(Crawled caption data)

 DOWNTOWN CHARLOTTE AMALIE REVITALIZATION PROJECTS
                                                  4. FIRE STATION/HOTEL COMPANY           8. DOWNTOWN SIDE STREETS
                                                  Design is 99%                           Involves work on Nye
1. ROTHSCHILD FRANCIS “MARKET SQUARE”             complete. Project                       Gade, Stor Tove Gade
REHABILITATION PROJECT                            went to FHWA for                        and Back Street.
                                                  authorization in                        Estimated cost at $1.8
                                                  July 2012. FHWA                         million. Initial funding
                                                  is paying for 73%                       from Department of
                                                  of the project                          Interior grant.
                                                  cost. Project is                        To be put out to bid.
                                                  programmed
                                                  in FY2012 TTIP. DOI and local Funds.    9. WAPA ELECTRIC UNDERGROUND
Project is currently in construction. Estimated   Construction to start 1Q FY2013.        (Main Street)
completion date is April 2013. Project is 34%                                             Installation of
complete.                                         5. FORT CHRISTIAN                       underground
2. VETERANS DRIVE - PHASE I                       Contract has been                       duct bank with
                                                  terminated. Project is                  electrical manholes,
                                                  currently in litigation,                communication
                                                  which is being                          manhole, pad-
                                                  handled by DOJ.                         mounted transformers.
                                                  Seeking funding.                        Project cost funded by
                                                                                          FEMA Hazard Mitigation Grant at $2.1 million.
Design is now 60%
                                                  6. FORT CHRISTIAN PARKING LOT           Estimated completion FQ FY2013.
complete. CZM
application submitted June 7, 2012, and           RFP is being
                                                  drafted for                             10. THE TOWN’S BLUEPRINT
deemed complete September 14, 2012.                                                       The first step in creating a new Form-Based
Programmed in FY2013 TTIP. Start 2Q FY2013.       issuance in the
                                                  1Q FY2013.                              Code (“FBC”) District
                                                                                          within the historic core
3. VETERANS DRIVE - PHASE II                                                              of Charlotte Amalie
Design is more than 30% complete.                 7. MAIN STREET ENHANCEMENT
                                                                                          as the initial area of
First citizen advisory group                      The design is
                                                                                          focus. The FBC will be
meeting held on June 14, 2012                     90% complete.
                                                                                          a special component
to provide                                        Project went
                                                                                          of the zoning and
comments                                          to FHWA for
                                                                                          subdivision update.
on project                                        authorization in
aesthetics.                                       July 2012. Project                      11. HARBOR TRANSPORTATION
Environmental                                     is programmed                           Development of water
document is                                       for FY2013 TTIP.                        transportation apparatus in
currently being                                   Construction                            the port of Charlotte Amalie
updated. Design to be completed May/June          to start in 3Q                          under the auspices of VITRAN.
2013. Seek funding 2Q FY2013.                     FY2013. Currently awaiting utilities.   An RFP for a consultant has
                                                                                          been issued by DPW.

→ Directions for this task
Gather from the records above every line containing the string "TTIP".

→ Exercise output
                                                  in FY2012 TTIP. DOI and local Funds.    9. WAPA ELECTRIC UNDERGROUND
Programmed in FY2013 TTIP. Start 2Q FY2013.       issuance in the
document is                                       for FY2013 TTIP.                        transportation apparatus in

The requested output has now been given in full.